Session management is the critical security boundary between your AI agent and your wallet — get it wrong, and your agent could outlive its welcome or drain your funds. WAIaaS provides comprehensive session controls with TTL, renewal limits, and absolute lifetimes to ensure your AI agents operate within strict time boundaries and can't persist indefinitely.
Why Session Boundaries Matter
AI agents with wallet access need temporal constraints. Unlike human users who log out at the end of the day, AI agents run continuously and could theoretically hold wallet permissions forever. This creates obvious risks: compromised agents, runaway trading algorithms, or simply agents that should have been decommissioned months ago but still have active wallet access.
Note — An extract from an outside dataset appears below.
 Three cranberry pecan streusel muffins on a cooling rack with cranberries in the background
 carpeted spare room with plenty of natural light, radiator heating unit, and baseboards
Traditional session management assumes human behavior — short bursts of activity followed by natural breaks. AI agents break this model entirely. They need session controls designed specifically for autonomous operation: predictable expiration, controlled renewal windows, and absolute kill switches.
WAIaaS Session Architecture
WAIaaS implements a three-layer session security model specifically designed for AI agents:
Layer 1: Session Authentication (sessionAuth)
Every AI agent gets a time-bounded JWT session token. This is their primary credential for wallet operations.
Layer 2: Renewal Controls
Sessions can be renewed, but only within configured limits. This prevents agents from extending their access indefinitely.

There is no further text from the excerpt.